In the beginning of Parshat Vayakhel, the Torah discusses Shabbat using the words, “Six days you shall work, and on the seventh day it will be for you holy…” (35:2). Some early authorities (including the Behag) teach that this Pasuk tells us that there is a Mitzva to work during the week.
Chazal in Masechet Avot state that one should “love work” and “chose a trade.” Chazal praise people who perform the Mitzva of keeping themselves busy. Furthermore, in the desert Bnai Yisrael didn’t have the food fall right on their doorsteps. Hashem gave them the מן so they could go out and quickly pick it, implying the value of exerting effort in order to put bread on one’s table.

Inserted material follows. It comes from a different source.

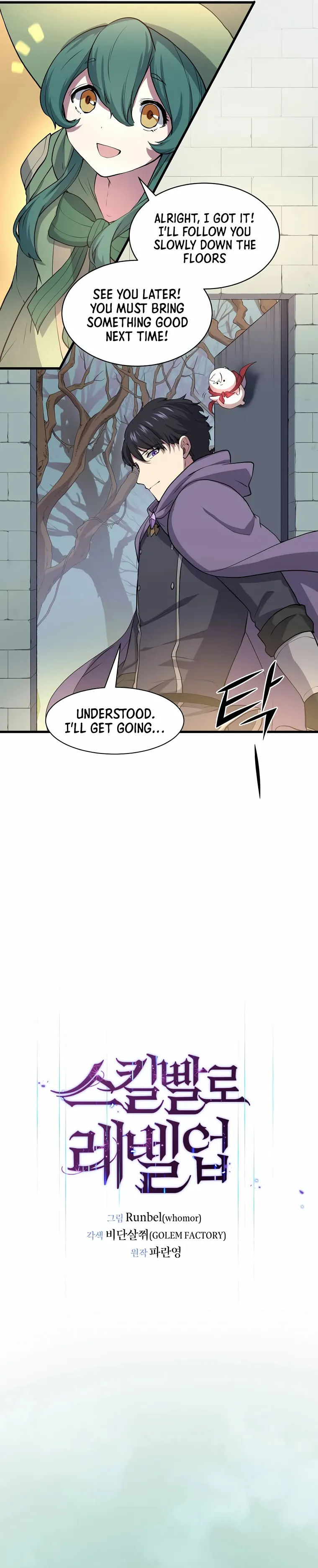 Read Level Up With Skills Manga Online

On the other hand, the Ohr Hachaim says that if one observes Shabbat then he will have others do the work for him, in accordance with Rabbi Yishmael’s view (see Berachot 35b). Also, this may be why the Pasuk says “six days work may be done” (31:15) instead of stating “six days shall you do work,” implying that somebody will do work, but not necessarily you.
Rabbi Aharon Levin says that the reason the Torah here says שבת שבתון is because if one does not have a job during the week the Shabbat will be diminished instead of enlightened. שבתון comes to teach that Shabbat becomes smaller like we see a smaller man is called an אישן rather than an איש.
Chazal in Pirkei Avot teach, “work combined with Torah is a fine thing,” and “Torah without work leads to idleness.” Rabbi Chaim Vital adds that the week is to provide for the family but the Shabbat is holy because it is a day for Torah study. When we keep our jobs and provide for our family, we are not only enhancing our lives, but also our Shabbat.